The Presario 700 has several harware issues that some posters have touched on already. The machine has some harware incompatabilities with later updates of WinXP. Although these do not generally result in zero response they can lead to loss of data, unexpected shutdows and BSDs. Best advice is to run with an original installation where possible.

More serious is the fact that the CPU zif socket on many models is less than ideal. The CPU generates a great deal of heat and the cooling system is frankly inadequate. The result is that the seating system becomes "warped" and the CPU can easily loose full contact with the socket. Revision A00 to A04 boards were particulally vulnerable to this. On many systems, allowing the machine to cool will fix this (for a while) but this is a recurring problem. Shaking or knocking the machine after it has cooled will often reseat the CPU.
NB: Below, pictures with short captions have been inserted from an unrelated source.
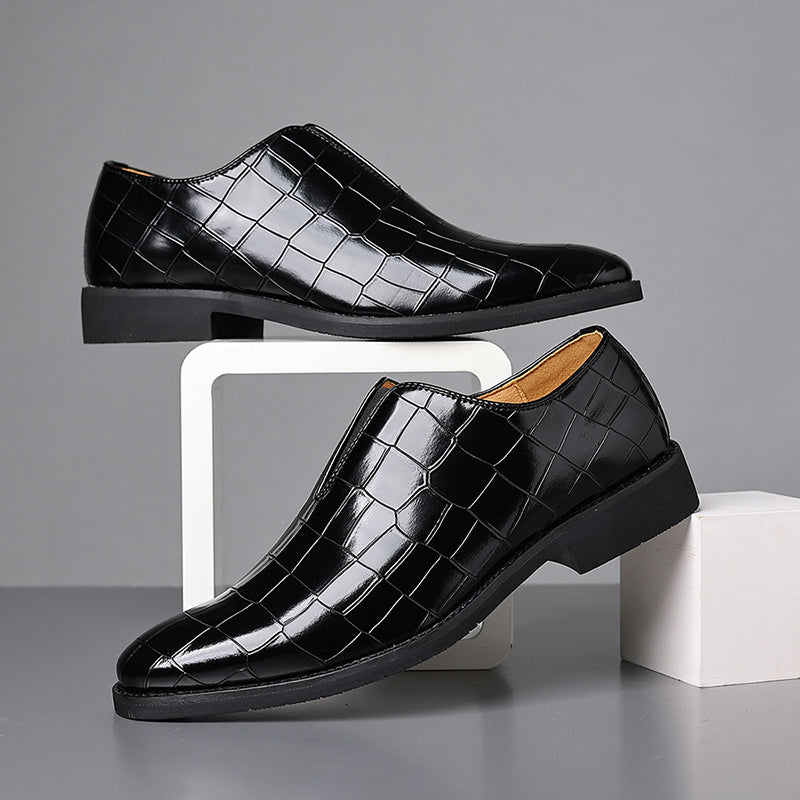 Men's crocodile-pattern faux leather slip-on loafers - Fashionshoeshouse
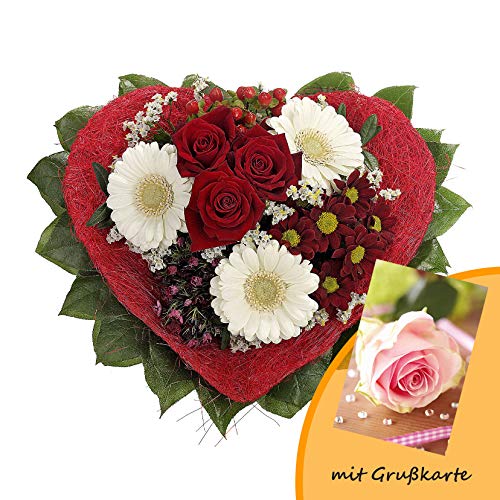 Dominik Blumen und Pflanzen, Blumenstrauß "Allerliebst" mit Rosen, Gerbera und Bartnelke und Grußkarte "Rosen" von Rapido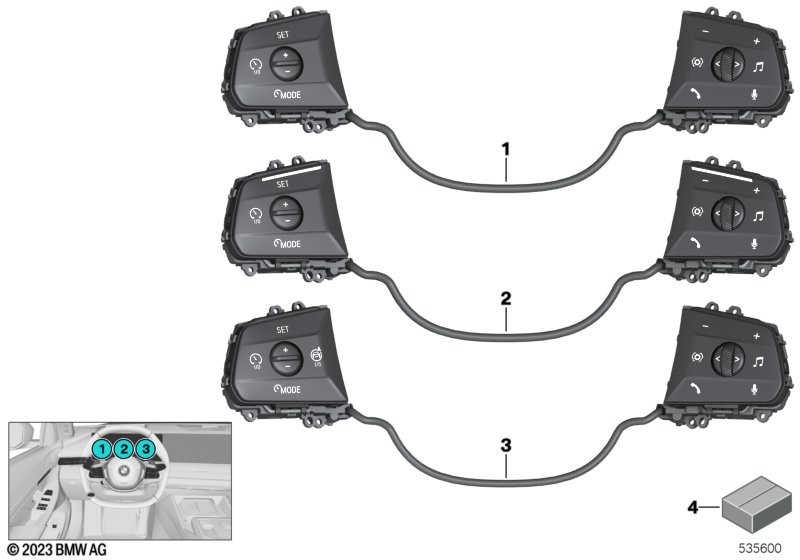 Switch, multifunct. steering wheel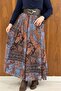Navy Blue Patterned Pantain Chiffon Skirt Suit - 4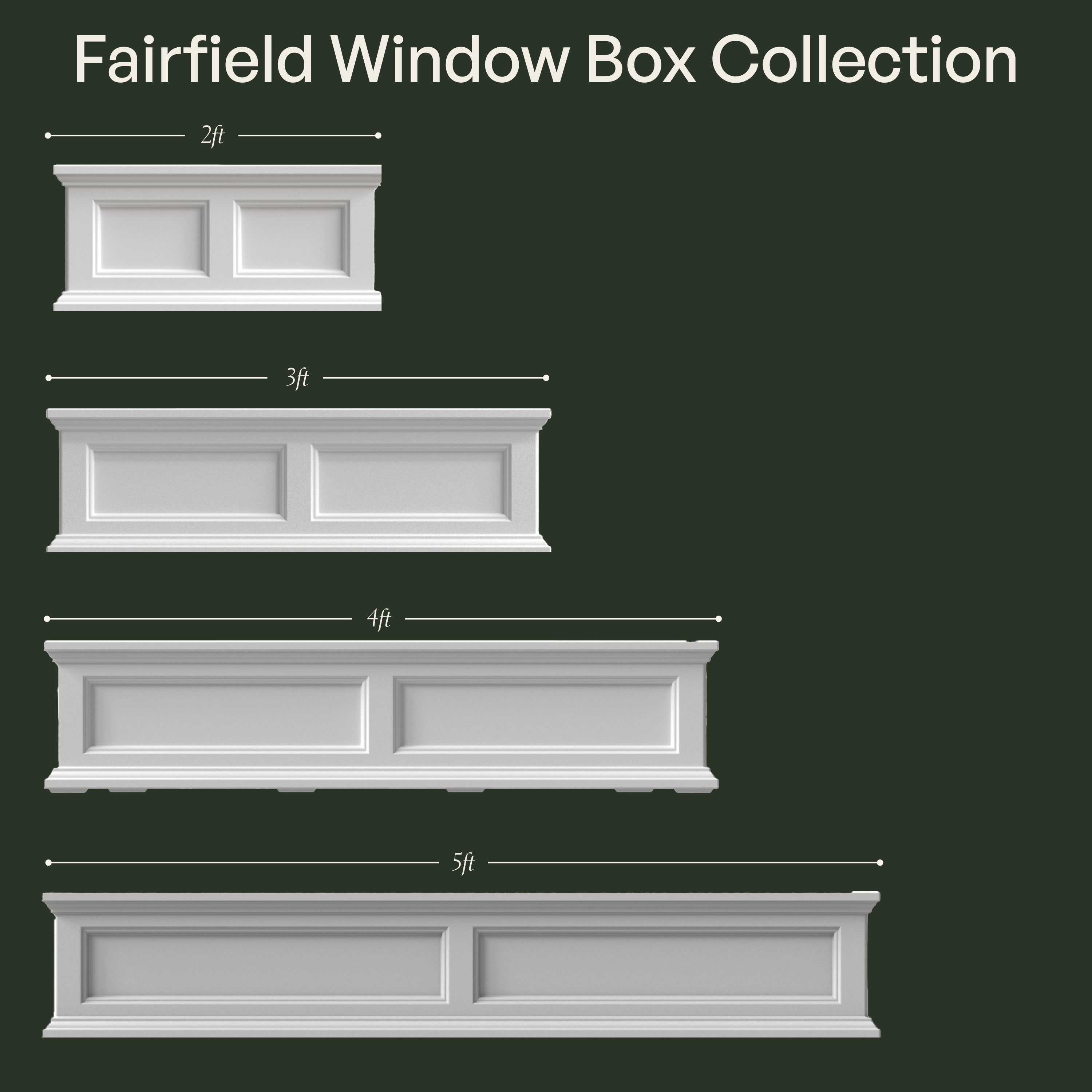 Mayne Fairfield 5ft Self-Watering Window Box with Steel Wall Mount Brackets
Because there is no audio code (the daft beeps) on startup to indicate a CPU seating problem (just the power light) most users simply have no idea this is the problem. Sending the machine for service is generally a waste of time as it takes a few hours for the problem to become apparant and the testing doesn`t last that long as a rule :(

Inserting a heat pad between the CPU and heatsink can add a little extra compression and provide a cure (sort of) for the problem but this also increases the chance of damage to the CPU - chips are delicate. Good quality thermal paste is essential (as with all Athlons) to dissipate the heat more efficiently. For those with a real wish to risk the future of thier machine you can try the fix below:
Cut a piece of cardboard the size of the CPU and twice as thick: Have some super glue or ready mixed epoxy resin to hand: Dissasemble the machine as much as possible while still allowing it to be functional: Start the machine up to make sure it is currently working fine: Shut down: Remove the CPU and carefully lift the edges of the zif socket and then apply a little super glue or epoxy resin JUST to the very edges: Place the cardboard over the zif socket and fix the heatsink in place (in order to compress the socket) and allow to set thoroughly: Replace the CPU and reboot: If all has gone well the zif socket will now be firmly fixed to the board and will not lift as the machine gets hot.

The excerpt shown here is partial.